PySPARK UDF on withColumn to replace column

This UDF is written to replace a column's value with a variable. Python 2.7; Spark 2.2.0
import pyspark.sql.functions as func
def updateCol(col, st):
return func.expr(col).replace(func.expr(col), func.expr(st))
updateColUDF = func.udf(updateCol, StringType())
Variable L_1 to L_3 have updated columns for each row .
This is how I am calling it:
updatedDF = orig_df.withColumn("L1", updateColUDF("L1", func.format_string(L_1))). \
withColumn("L2", updateColUDF("L2", func.format_string(L_2))). \
withColumn("L3", updateColUDF("L3",
withColumn("NAME", func.format_string(name)). \
withColumn("AGE", func.format_string(age)). \
select("id", "ts", "L1", "L2", "L3",
"NAME", "AGE")
The error is:
return Column(sc._jvm.functions.expr(str))

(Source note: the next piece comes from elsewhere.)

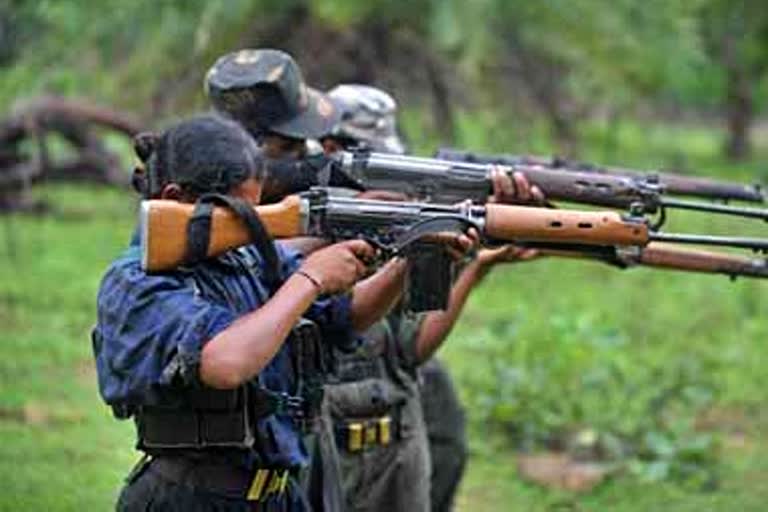 Four Maoists killed in Police Encounter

AttributeError: 'NoneType' object has no attribute '_jvm'
Tried to create a sample dataframe and then make use of the lit function in the PySpark.

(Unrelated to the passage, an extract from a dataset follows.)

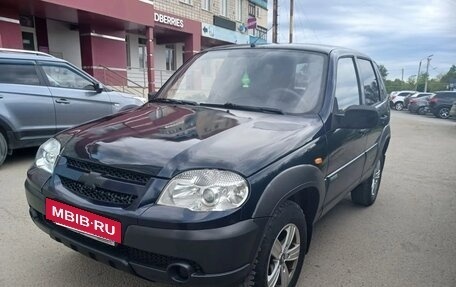 Chevrolet Niva I рестайлинг, 2009 год, 440 000 рублей, 6 фотография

Seems to work fine, this is using the Databricks notebook
The error is because you are using pyspark functions inside a udf. It would also be very helpful to know the content of your L1, L2.. variables.
However, if I am understanding what you want to do correctly, you don't need a udf. I am assuming L1, L2 etc are constants, right? If not let me know to adjust the code accordingly. Here's an example:
from pyspark import SparkConf
from pyspark.sql import SparkSession, functions as F
conf = SparkConf()
spark_session = SparkSession.builder \
.config(conf=conf) \
.appName('test') \
.getOrCreate()
data = [{'L1': "test", 'L2': "data"}, {'L1': "other test", 'L2': "other data"}]

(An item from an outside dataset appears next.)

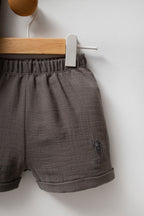 U.S POLO ASSN ERKEK BEBEK 2Lİ TAKIM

df = spark_session.createDataFrame(data)
df.show()
# +----------+----------+
# | L1| L2|
# +----------+----------+
# | test| data|
# |other test|other data|
# +----------+----------+
L1 = 'some other data'
updatedDF = df.withColumn(
"L1",
F.lit(L1)
)
updatedDF.show()
# +---------------+----------+
# | L1| L2|
# +---------------+----------+
# |some other data| data|
# |some other data|other data|
# +---------------+----------+
# or if you need to replace the value in a more complex way
pattern = '\w+'
updatedDF = updatedDF.withColumn(
"L1",
F.regexp_replace(F.col("L1"), pattern, "testing replace")
)
updatedDF.show()
# +--------------------+----------+
# | L1| L2|
# +--------------------+----------+
# |testing replace t...| data|
# |testing replace t...|other data|
# +--------------------+----------+
# or even something more complicated:
# set L1 value to L2 column when L2 column equals to data, otherwise, just leave L2 as it is
updatedDF = df.withColumn(
"L2",
F.when(F.col('L2') == 'data', L1).otherwise(F.col('L2'))
)
updatedDF.show()
# +----------+---------------+
# | L1| L2|
# +----------+---------------+
# | test|some other data|
# |other test| other data|
# +----------+---------------+
So your example would be:
DF = orig_df.withColumn("L1", pyspark_func.lit(L_1))
...
Also, please make sure you have an active spark session before this point
I hope this helps.
Edit: If L1, L2 etc are lists, then one option is to create a dataframe with them and join to the initial df. We'll need indexes for the join unfortunately and since your dataframe is quite big, I don't think this is a very performant solution. We could also use broadcasts and a udf or broadcasts and join.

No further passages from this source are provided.